Each line from the one bearing "In the Backups" through the last line of the entries below should be returned exactly, with pictures left out.

*** Opening of DATA SUPPLIED ***

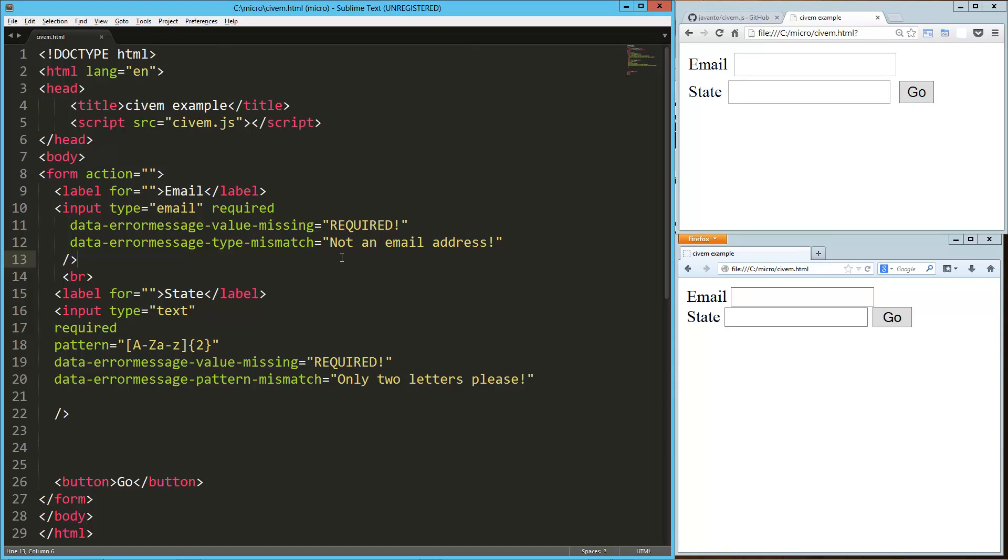So that is CivM in a nutshell. There's a handful of other types of error messages you can tap into for different types of HTML5 form element validation items. I think this is really cool. It allows you to normalize the message across different browsers. Hope you guys enjoyed it. Have a good one.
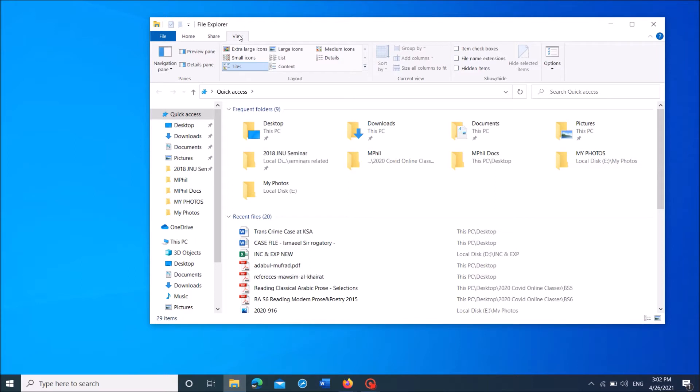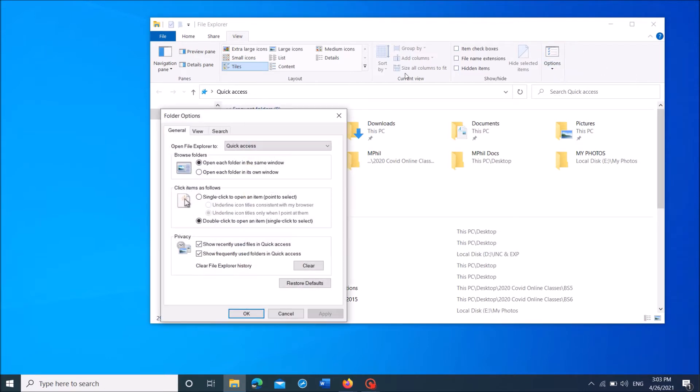Then from this options here, click on the last one, Options. Then click on Change folder and search options.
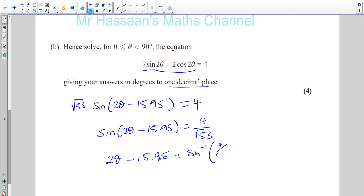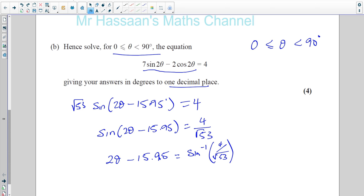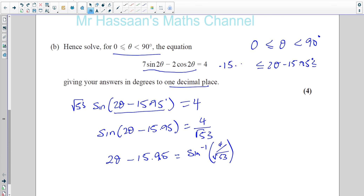Before proceeding, we need to change our limits to match the substitution. θ is between 0 and 90 degrees. We need limits for (2θ − 15.95°). Multiply 0 by 2 and subtract 15.95 to get the lower limit: −15.95°. Then 2 × 90 = 180, minus 15.95 = 164.05°. So we need to catch all angles of (2θ − 15.95°) between −15.95° and 164.05°.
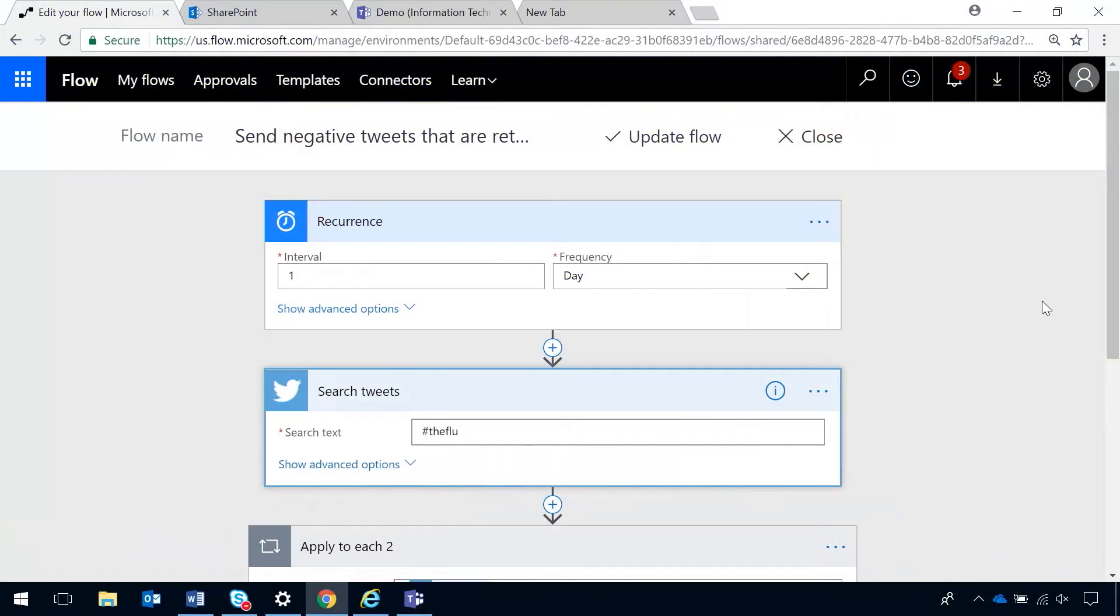Of course. All right. So, I'm going to jump in. Here, I'm at flow.microsoft.com. And I've already built this flow, but if you're going to create a new one, you would click on Create from blank.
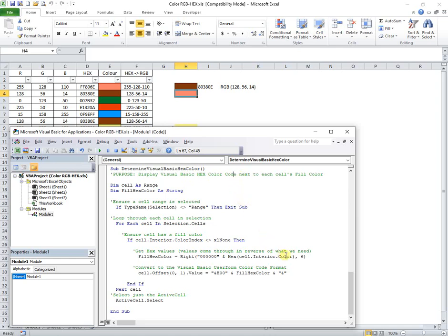This is another macro that determines the hex code of the active cell background color and puts it in the adjacent cell.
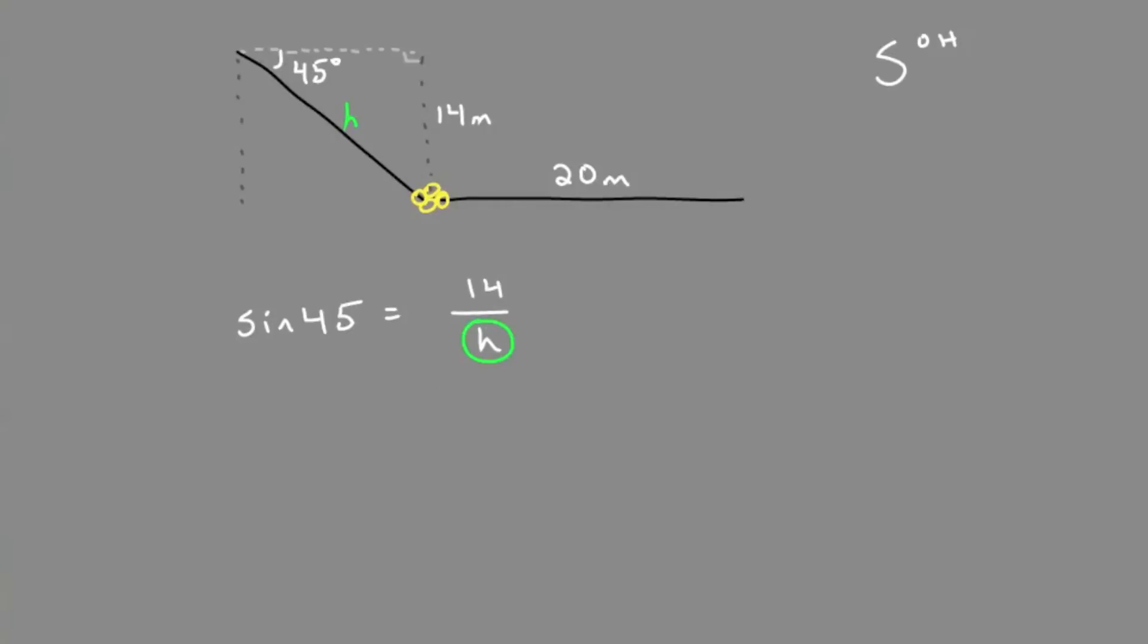denominator, you can switch that with the value on the left side. If you've done this before, you might remember that these two values would switch, meaning the hypotenuse h equals 14 over sine of 45.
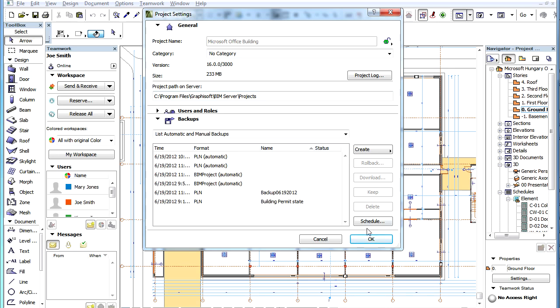In the Backups page of the dialog, click the Schedule button. Please note that you have to be a Project Administrator for this button to be enabled.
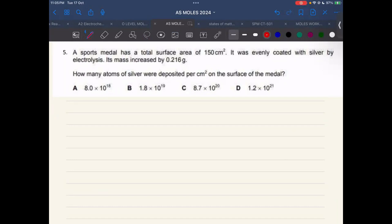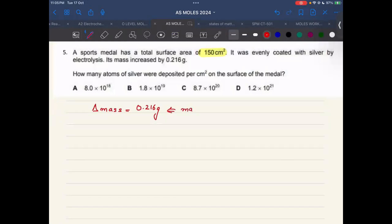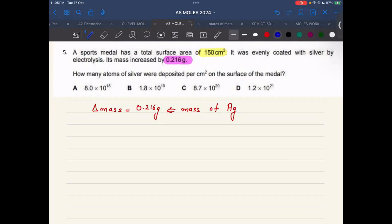A sports model has a total surface area of 150 centimeters squared. It was evenly coated with silver by electrolysis, and its mass increased by 0.216 grams — that mass increase is due to the silver coating deposited. How many atoms of silver were deposited per centimeter squared on the surface of the model? You have to find the number of atoms of silver deposited.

*** Close of DATA SUPPLIED ***

* _ANSWER TO THIS EXERCISE_
In the Backups page of the dialog, click the Schedule button. Please note that you have to be a Project Administrator for this button to be enabled.
A sports model has a total surface area of 150 centimeters squared. It was evenly coated with silver by electrolysis, and its mass increased by 0.216 grams — that mass increase is due to the silver coating deposited. How many atoms of silver were deposited per centimeter squared on the surface of the model? You have to find the number of atoms of silver deposited.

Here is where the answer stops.